» **What you will do**
Only the lines from the one holding "Tank Pattern DIY" through the end of the material are to be repeated, exactly and without pictures.

+++ Exercise inputs

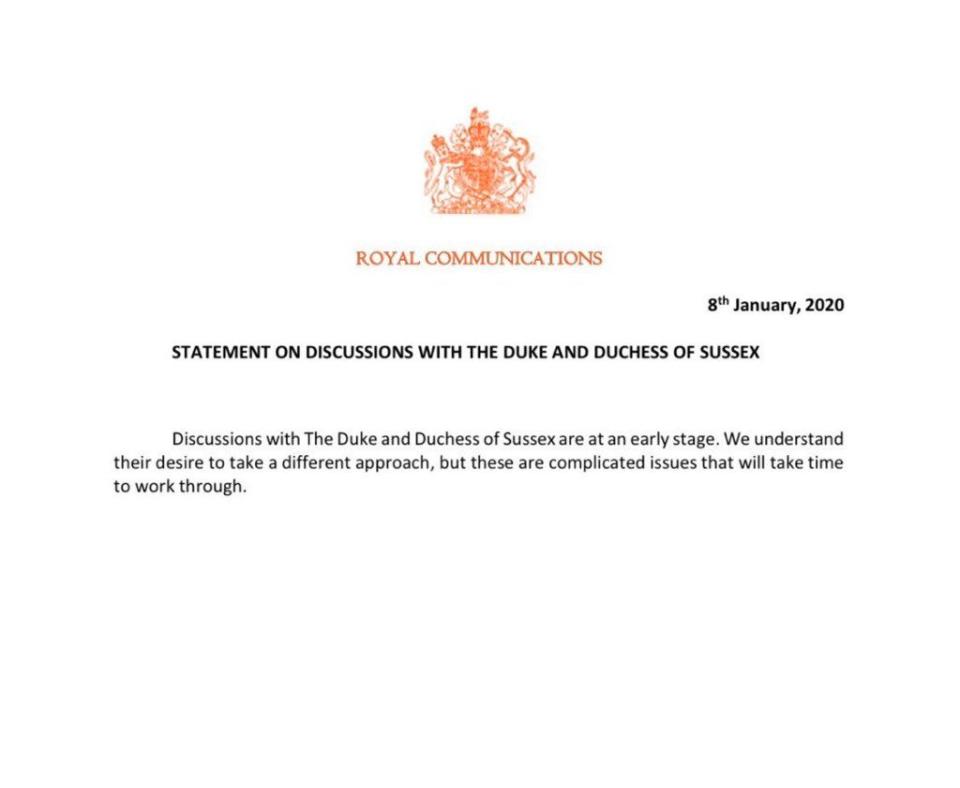 Die Pressemitteilung des Buckingham Palace. Foto: Twitter/RoyalReporter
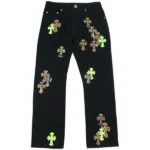 Chrome Hearts Green & Leopard Cross Patch Jeans Black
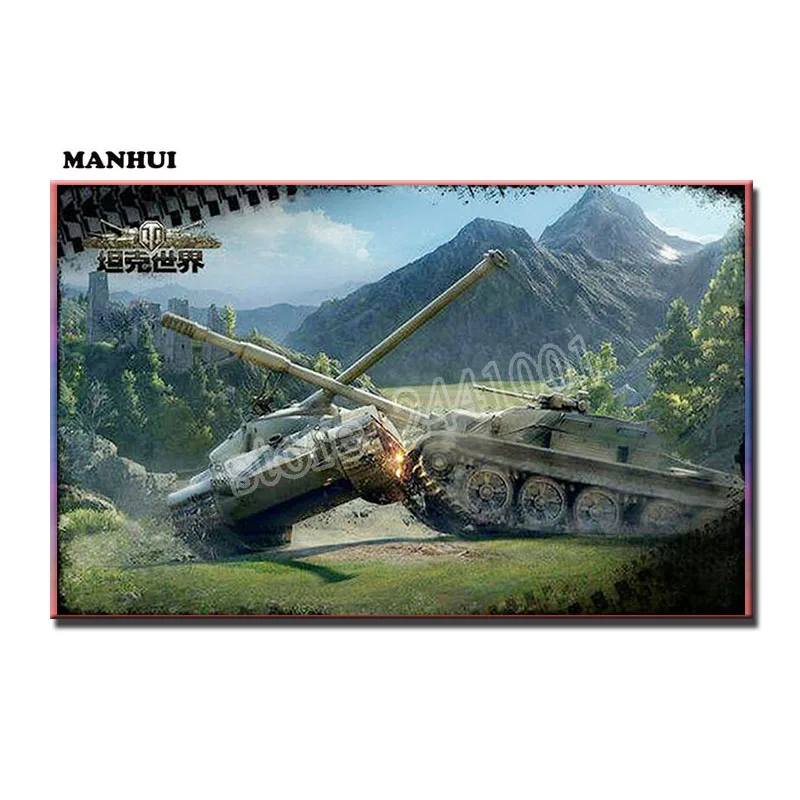 

Tank Pattern DIY 5D Diamond Embroidery Cross Stitch Book Round Full Diamond Mosaic Picture Pasted Needlework Decor AOT009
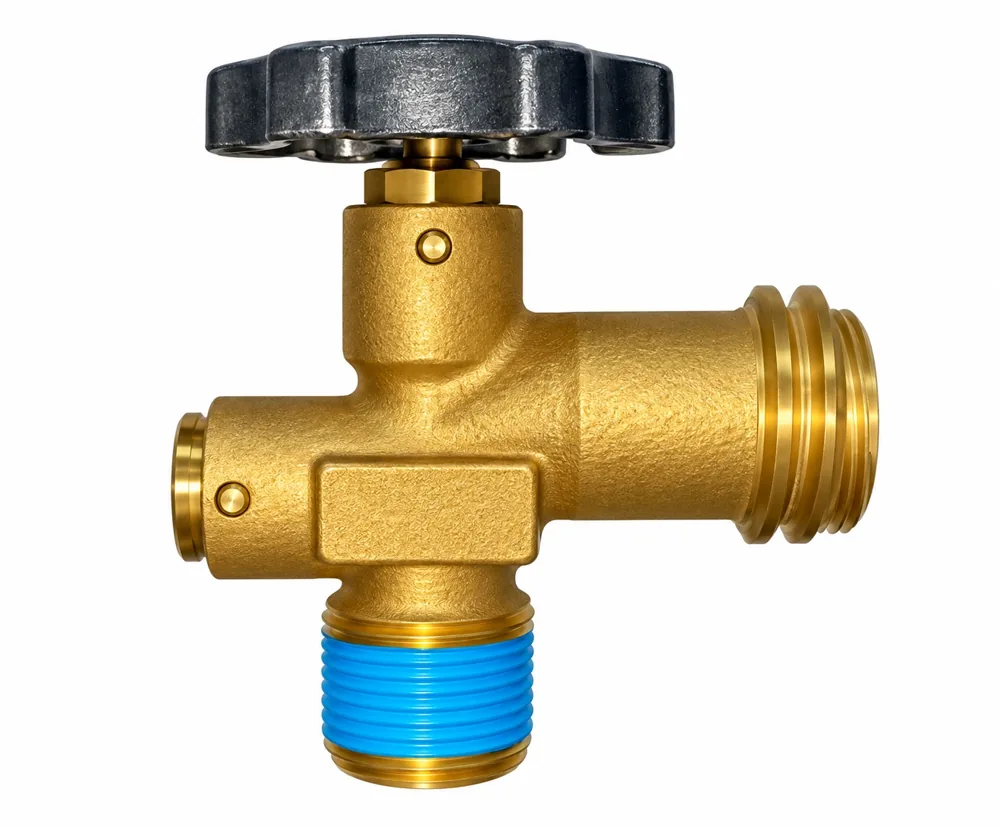 VALVULA PARA CILINDRO BRONCE IUSA ACME GAS LPG 3/4 MNPT DOBLE ROSCA PARA PARRILLA V868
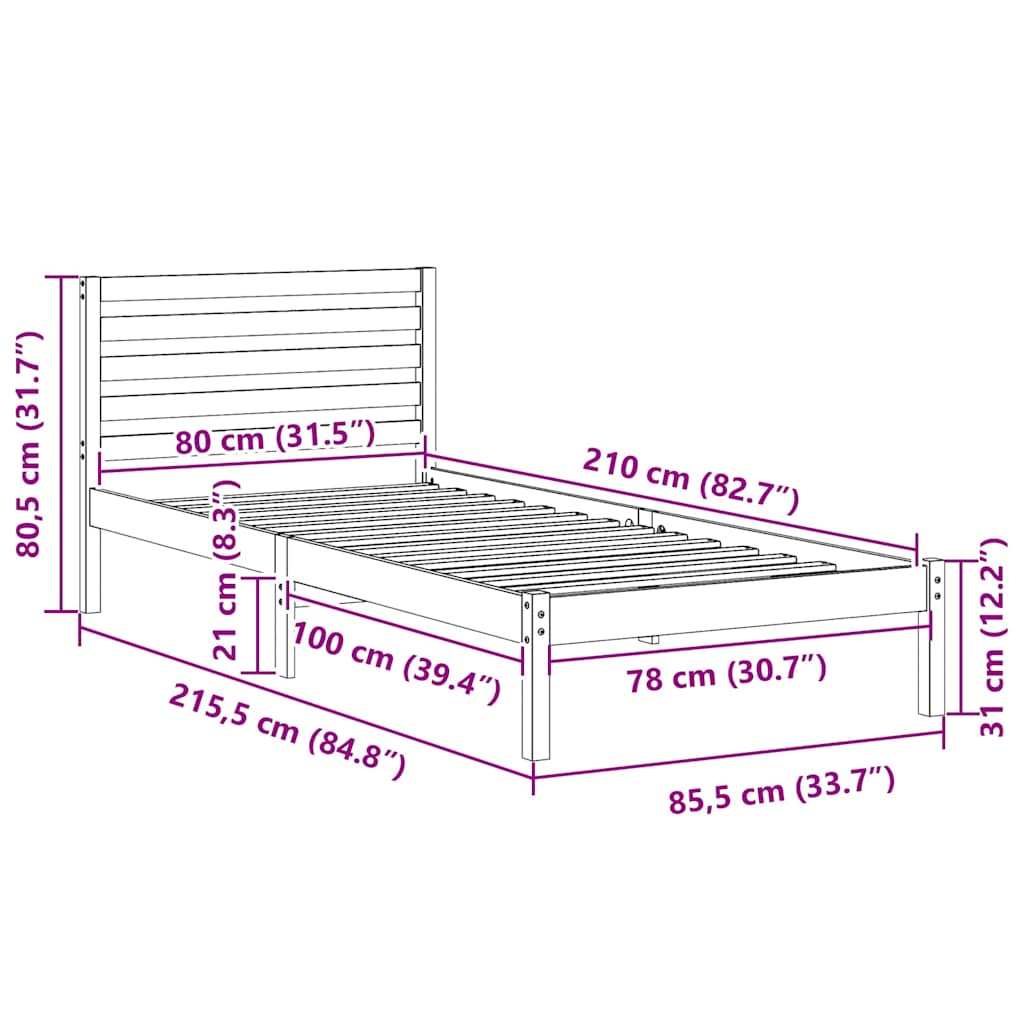 Rám Postele Voskově Hnědá 80 X 210 Cm Masivní Borové Dřevo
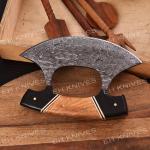 Damascus Steel Ulu Knife with Sheath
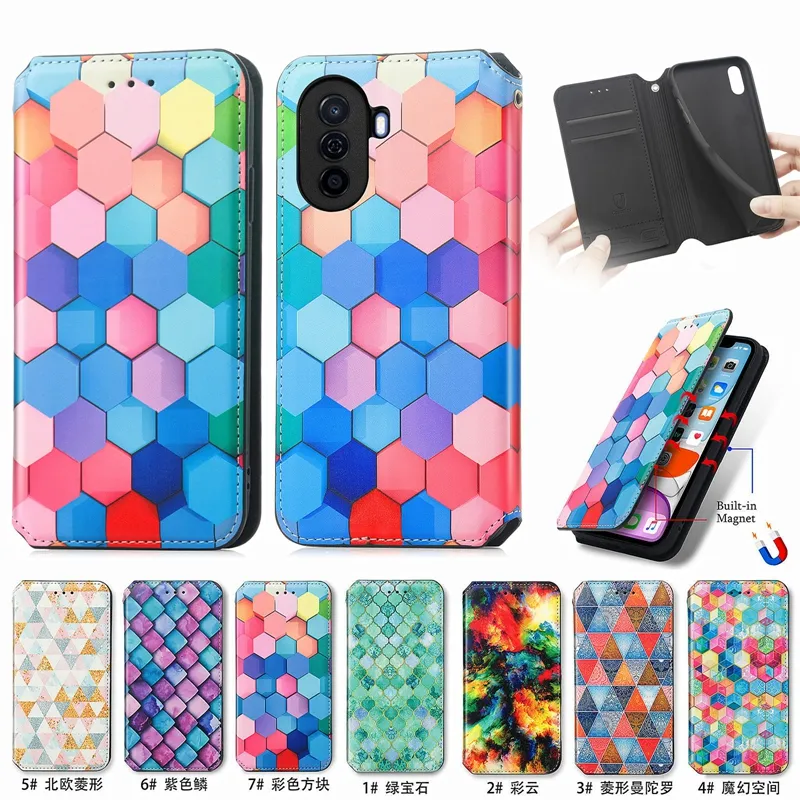 New Magnetic PU Leather Card Holder Wallet Protection Cover Phone Case For Huawei Nova Y70 Y90 Nova 9 SE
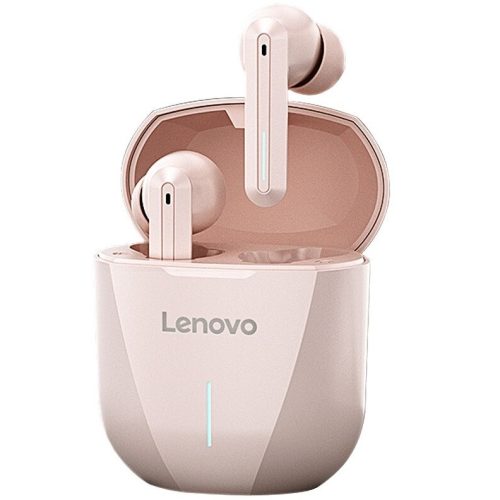Bluetooth sztereó fülhallgató, v5.0, TWS, töltőtok, vízálló, zajszűrővel, érintés vezérlés, Lenovo XG01, rózsaszín, gyári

++++++

» **Your solution**
Tank Pattern DIY 5D Diamond Embroidery Cross Stitch Book Round Full Diamond Mosaic Picture Pasted Needlework Decor AOT009
 VALVULA PARA CILINDRO BRONCE IUSA ACME GAS LPG 3/4 MNPT DOBLE ROSCA PARA PARRILLA V868
 Rám Postele Voskově Hnědá 80 X 210 Cm Masivní Borové Dřevo
 Damascus Steel Ulu Knife with Sheath
 New Magnetic PU Leather Card Holder Wallet Protection Cover Phone Case For Huawei Nova Y70 Y90 Nova 9 SE
Bluetooth sztereó fülhallgató, v5.0, TWS, töltőtok, vízálló, zajszűrővel, érintés vezérlés, Lenovo XG01, rózsaszín, gyári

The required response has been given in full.